Church may become a cannabis café

If the cannabis legislation outlined in parliament this week is approved in next year’s referendum, a heritage church in Christchurch will become a cannabis café.

The proposed legislation would legalise the sale and consumption of cannabis at licensed premises.

Cookie Time founder Michael Mayell has partnered with Abe Gray, the founder of New Zealand’s first cannabis museum to build a cannabis education centre in the historic Shands and Trinity buildings.

The Trinity building was formally Trinity Congregational Church. It was damaged in the Christchurch earthquakes.

The community hub will contain a museum, a hemp emporium, a plant medicine shot bar, a cannabis dispensary, a café, a hemp eatery and an alcohol-free night club.

“After the earthquakes and the subsequent re-developing of the city, Christchurch lost a great deal of its heritage,” says Mayell.

“More than 1300 buildings in the inner city have been demolished”.

“It’s wonderful to have the opportunity to preserve such beautiful buildings as these.”

Trinity will be used for the museum during the day, an education space Mayell dubbed “cannabis university” in the evenings, and for the alcohol-free plant shot bar at night.

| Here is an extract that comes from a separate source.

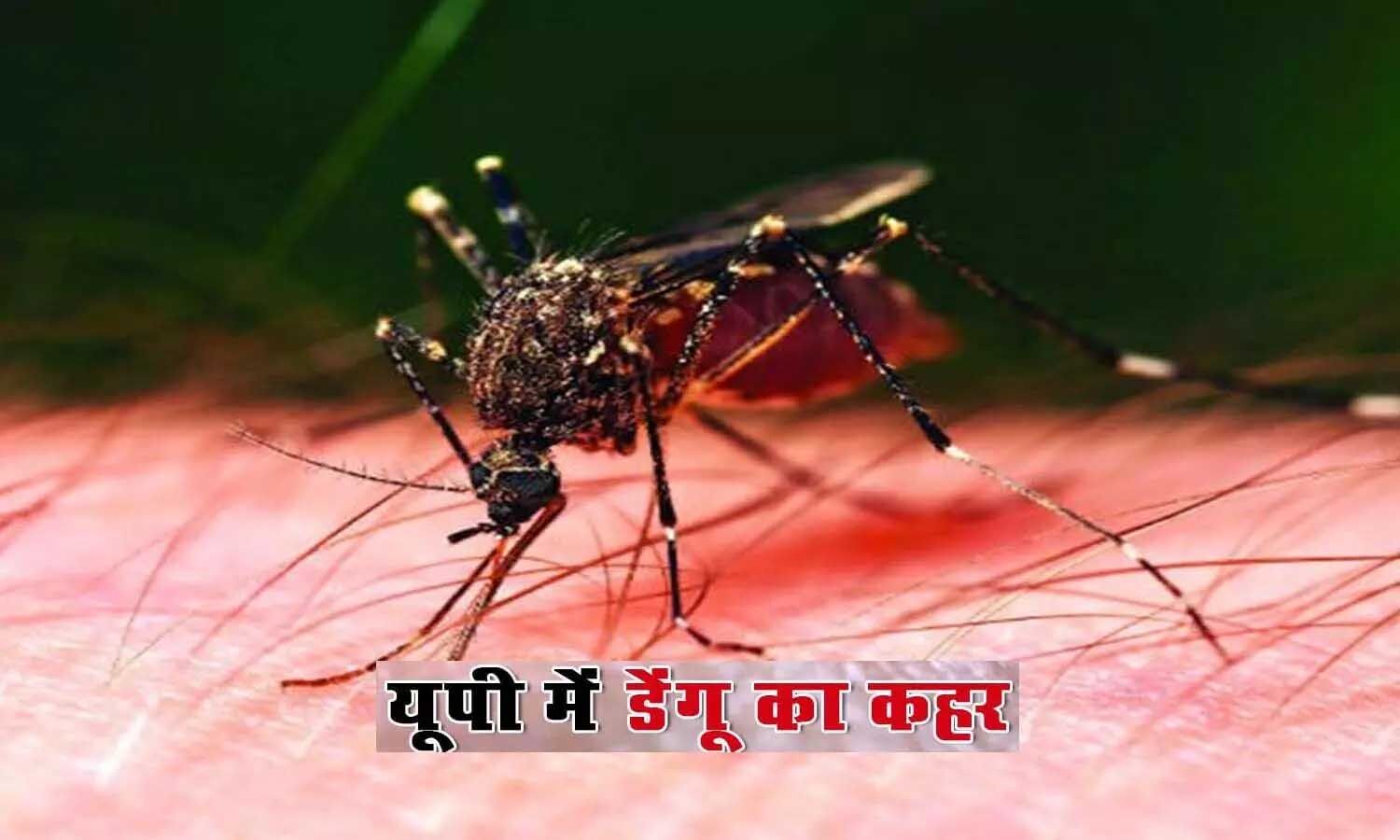 Dengue in UP: Orgy of dengue and high fever, daily deaths, scrub typhus and Japanese encephalitis patients were also found in the entire state.  1 News Track English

The café and restaurant would sell hemp food, a boutique with a range of hemp products and an alcohol-free plant shot bar.

Hemp seeds will be cultivated and used to make milk for ice cream, butter and cheese and the bar would have kombucha on tap, medicinal teas and mushrooms in the diner.

The business is trading as the Whakamana Museum Limited.

Whakamana launched a Pledge Me campaign to transform the church building on November 12.

On December 5, with 11 days to go, 219 people had pledged $126,531. The minimum target is one million dollars

Whakamana shares are also available for purchase.